§ What the exercise asks: In the records below, find the line containing "SIEMENS - Relè" and print it and every line after it exactly, through the end. Skip pictures.
+===+
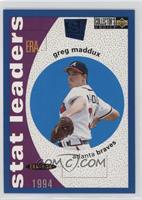 Greg Maddux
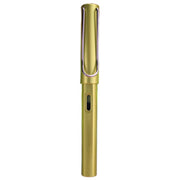 LAMY, Fountain Pen - AL STAR SILVER GREEN 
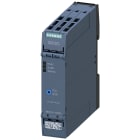 SIEMENS - Relè di protezione motore a termistore, avviso/disinserzione, morsetti a molla, 1NO+1CO, AC/DC 24 ... 240 V
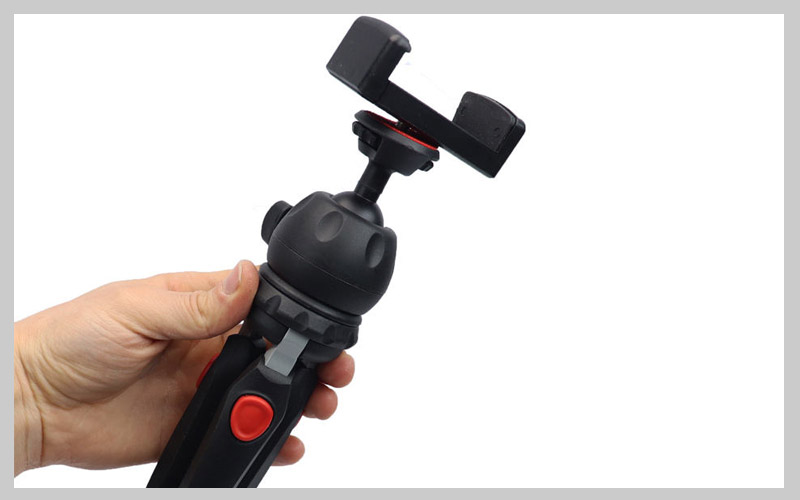 سه پایه نگهدارنده گوشی موبایل پرووان مدل PHD03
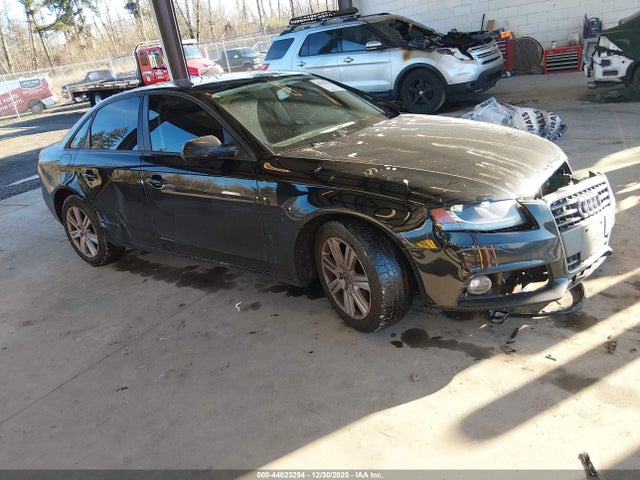 2010 AUDI A4 WAUAFAFL9AN046602 Photo 0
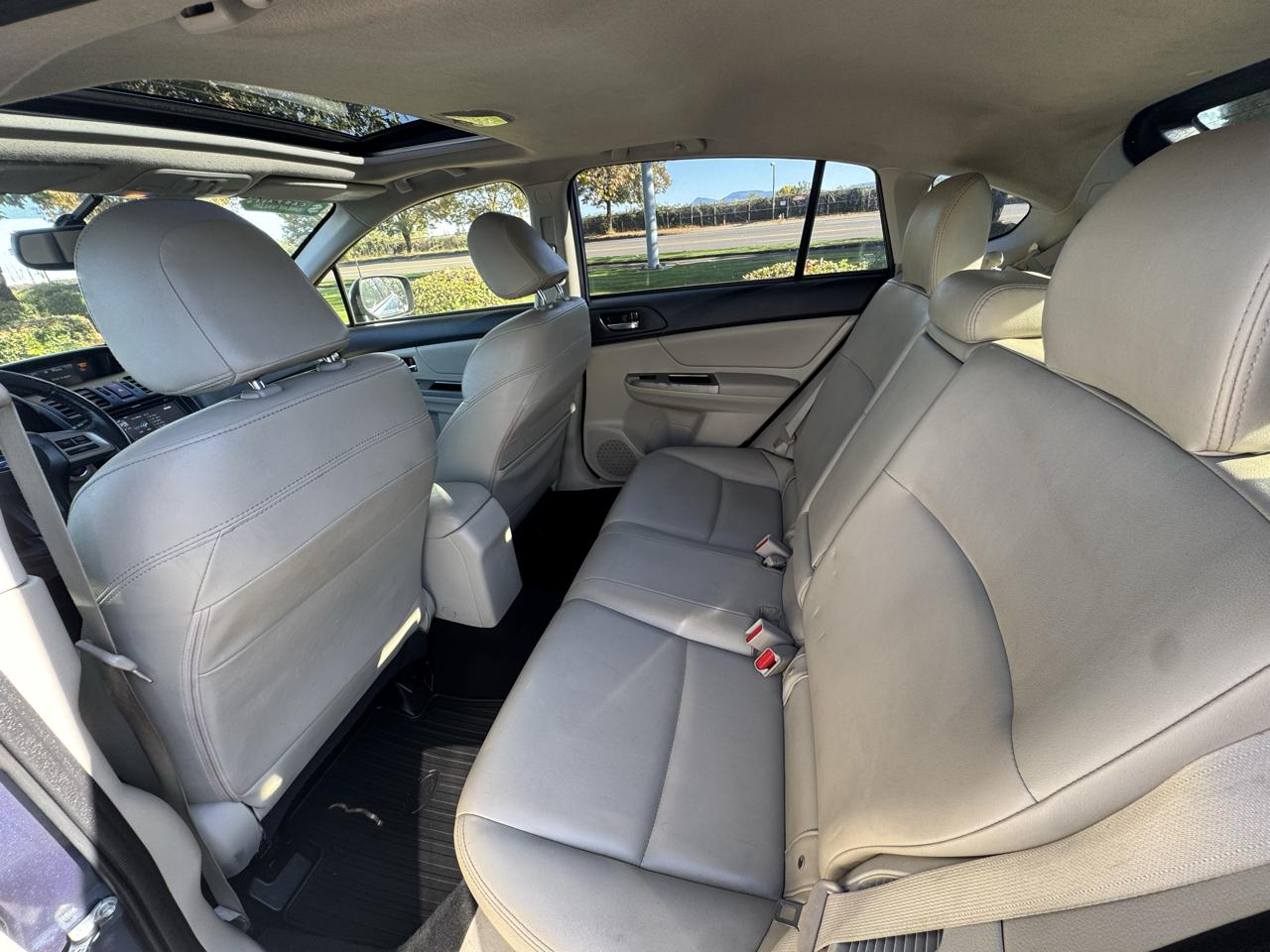 Subaru XV Crosstrek Hybrid 5dr 2.0i Touring 2014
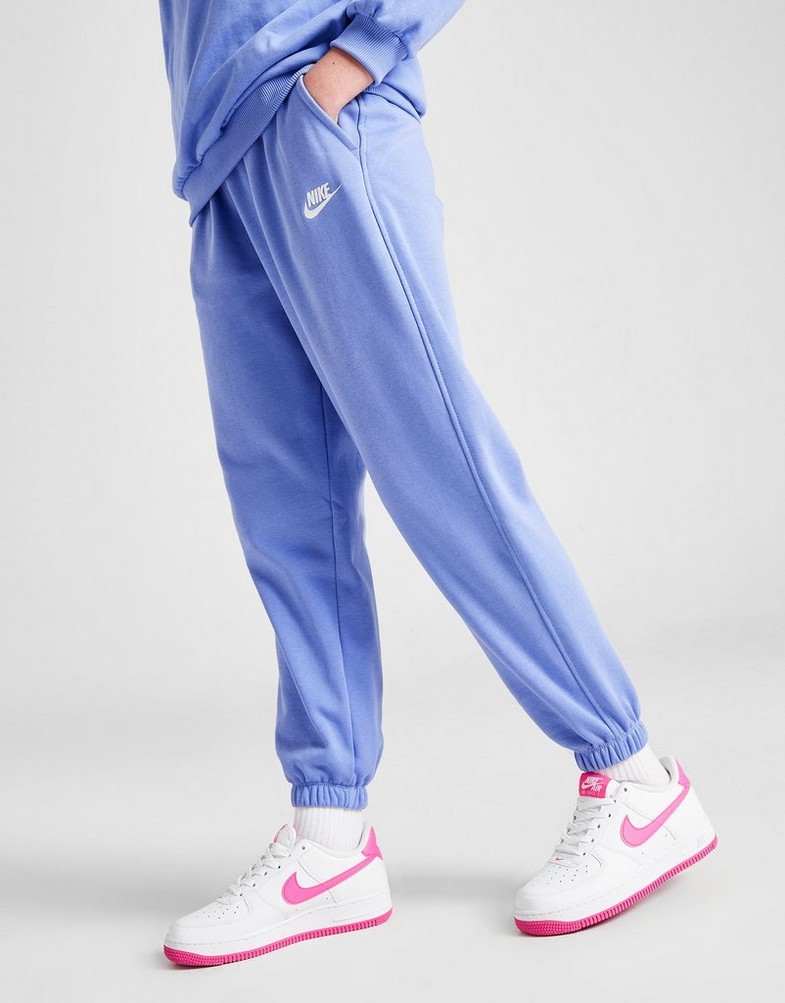 NIKE SPODNIE G NSW CLUB FLC LOOSE PANT LBR G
+===+
§ Response to the task:
 SIEMENS - Relè di protezione motore a termistore, avviso/disinserzione, morsetti a molla, 1NO+1CO, AC/DC 24 ... 240 V
 سه پایه نگهدارنده گوشی موبایل پرووان مدل PHD03
 2010 AUDI A4 WAUAFAFL9AN046602 Photo 0
 Subaru XV Crosstrek Hybrid 5dr 2.0i Touring 2014
 NIKE SPODNIE G NSW CLUB FLC LOOSE PANT LBR G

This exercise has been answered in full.